From a practical point of view, soybeans are an important crop throughout the world and strategies to improve crop production by manipulating the nitrogen-fixing partner are desirable. Nitrogen fixation requires a large input of energy and reducing potential. As a strictly respiratory organism B. japonicum must get that energy from the respiratory chain by oxidizing energy rich substrates and reducing oxygen. One strategy to improve crop production is to increase the nitrogen fixing capacity of B. japonicum through manipulation of the respiratory chain.
Work in our lab has focused on the enzymes involved in transferring electrons from the dicarboxylic acids to the respiratory chain.
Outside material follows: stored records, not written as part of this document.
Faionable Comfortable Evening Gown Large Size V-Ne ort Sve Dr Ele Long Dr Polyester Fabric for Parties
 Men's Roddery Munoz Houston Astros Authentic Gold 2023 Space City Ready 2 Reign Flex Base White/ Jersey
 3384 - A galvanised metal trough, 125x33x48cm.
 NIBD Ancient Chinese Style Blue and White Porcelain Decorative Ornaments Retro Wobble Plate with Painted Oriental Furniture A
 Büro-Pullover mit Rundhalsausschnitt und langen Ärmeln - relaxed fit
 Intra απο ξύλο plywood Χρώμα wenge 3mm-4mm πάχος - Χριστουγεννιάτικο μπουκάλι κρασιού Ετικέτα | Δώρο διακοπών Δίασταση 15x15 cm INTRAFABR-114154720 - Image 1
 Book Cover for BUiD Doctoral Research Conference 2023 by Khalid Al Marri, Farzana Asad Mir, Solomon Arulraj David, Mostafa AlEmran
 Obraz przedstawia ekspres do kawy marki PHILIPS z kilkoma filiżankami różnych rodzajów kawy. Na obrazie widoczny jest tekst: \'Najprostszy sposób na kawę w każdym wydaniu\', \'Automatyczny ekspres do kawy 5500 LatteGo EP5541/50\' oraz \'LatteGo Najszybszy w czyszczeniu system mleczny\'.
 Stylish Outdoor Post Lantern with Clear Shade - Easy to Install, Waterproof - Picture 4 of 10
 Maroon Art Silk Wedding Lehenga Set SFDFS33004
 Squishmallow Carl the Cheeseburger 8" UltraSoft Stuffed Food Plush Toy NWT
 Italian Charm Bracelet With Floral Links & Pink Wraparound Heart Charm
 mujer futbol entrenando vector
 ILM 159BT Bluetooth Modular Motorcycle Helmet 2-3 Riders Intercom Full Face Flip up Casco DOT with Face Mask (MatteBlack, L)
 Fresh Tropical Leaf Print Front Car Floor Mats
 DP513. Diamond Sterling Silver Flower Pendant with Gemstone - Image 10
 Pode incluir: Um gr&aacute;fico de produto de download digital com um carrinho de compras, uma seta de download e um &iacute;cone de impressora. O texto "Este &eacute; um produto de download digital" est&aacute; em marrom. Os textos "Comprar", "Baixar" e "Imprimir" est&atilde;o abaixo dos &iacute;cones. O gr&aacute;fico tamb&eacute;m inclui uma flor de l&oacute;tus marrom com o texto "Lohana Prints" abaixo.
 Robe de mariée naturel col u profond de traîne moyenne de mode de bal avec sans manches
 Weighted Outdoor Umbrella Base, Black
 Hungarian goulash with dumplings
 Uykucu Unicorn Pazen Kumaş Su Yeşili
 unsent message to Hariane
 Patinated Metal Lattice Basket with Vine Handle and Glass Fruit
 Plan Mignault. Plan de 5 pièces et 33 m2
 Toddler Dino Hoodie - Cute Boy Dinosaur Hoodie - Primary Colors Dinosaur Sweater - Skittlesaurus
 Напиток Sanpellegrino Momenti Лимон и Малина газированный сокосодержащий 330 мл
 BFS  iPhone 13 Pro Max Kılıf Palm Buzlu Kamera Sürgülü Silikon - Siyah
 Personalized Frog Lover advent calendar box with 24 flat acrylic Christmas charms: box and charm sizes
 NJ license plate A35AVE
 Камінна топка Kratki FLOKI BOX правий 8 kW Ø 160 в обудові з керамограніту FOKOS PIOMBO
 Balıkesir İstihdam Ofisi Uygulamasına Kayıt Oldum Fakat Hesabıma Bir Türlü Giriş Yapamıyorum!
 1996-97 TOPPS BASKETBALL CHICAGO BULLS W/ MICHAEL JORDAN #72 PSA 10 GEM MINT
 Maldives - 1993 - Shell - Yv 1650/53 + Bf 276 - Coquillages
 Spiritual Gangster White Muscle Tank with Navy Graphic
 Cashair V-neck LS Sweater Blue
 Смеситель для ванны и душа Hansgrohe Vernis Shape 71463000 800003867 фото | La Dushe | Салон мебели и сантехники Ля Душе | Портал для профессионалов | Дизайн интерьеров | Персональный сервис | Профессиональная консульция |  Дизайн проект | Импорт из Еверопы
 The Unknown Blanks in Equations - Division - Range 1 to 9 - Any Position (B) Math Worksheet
We are looking at two respiratory complexes, NADH dehydrogenase (NADH ubiquinone oxidoreductase – Nuo) and succinate dehydrogenase (Sdh) (referred to as complexes I and II, respectively, in mitochondria). NADH dehydrogenase takes electrons from NADH and transfers them to ubiquinone, a lipid soluble electron carrier. Possible major sources of NADH in bacteroids are one of the malic enzymes and malate dehydrogenase. Both of these enzymes take electrons from malate, one of the most abundant dicarboxylic acids in the soybean nodule. Succinate is another dicarboxylic acid that is very abundant in nodules and the enzyme succinate dehydrogenase takes electrons from succinate and transfers them directly to ubiquinone.
| The majority of the work in our lab involves Sdh. We are looking at regulation of the sdhCDAB operon in B. japonicum using fusions to the beta-galactosidase gene from E. coli. Regulation of the B. japonicum sdhCDAB operon is of particular interest because expression appears to increase under reduced oxygen conditions. This is in contrast to the regulation seen in other model organisms such as E. coli. We are also constructing a strain of B. japonicum that is deleted for the sdhCDAB operon that will allow us to introduce modified versions of the B. japonicum sdhCDAB operon (either regulatory or catalytic modifications) as well as heterologous sdhCDAB operons into B. japonicum. |
Other projects are looking at interaction of B. japonicum Sdh with inhibitors. We have shown that B. japonicum Sdh is inhibited by carboxins and are currently screening for carboxin resistant mutants and determining the inhibitory effectiveness of modified carboxins.
The main goal of these projects is to increase the nitrogen fixing capacity of B. japonicum but the results of this work should also have implications with respect to a number of other organism. This is due to the observation that the amino acid sequences of Nuo and Sdh from B. japonicum are quite similar with the same enzymes from Paracoccus denitrificans and mitochondria . In fact, the B. japonicum sequences are more similar to mitochondrial sequences than to other bacterial sequences. This sequence similarity indicates that these studies will provide information relevant to people interested in the function of the mitochondrial enzyme. We can then use the relatively simple bacterial system to address fundamental questions about respiratory complex structure and function.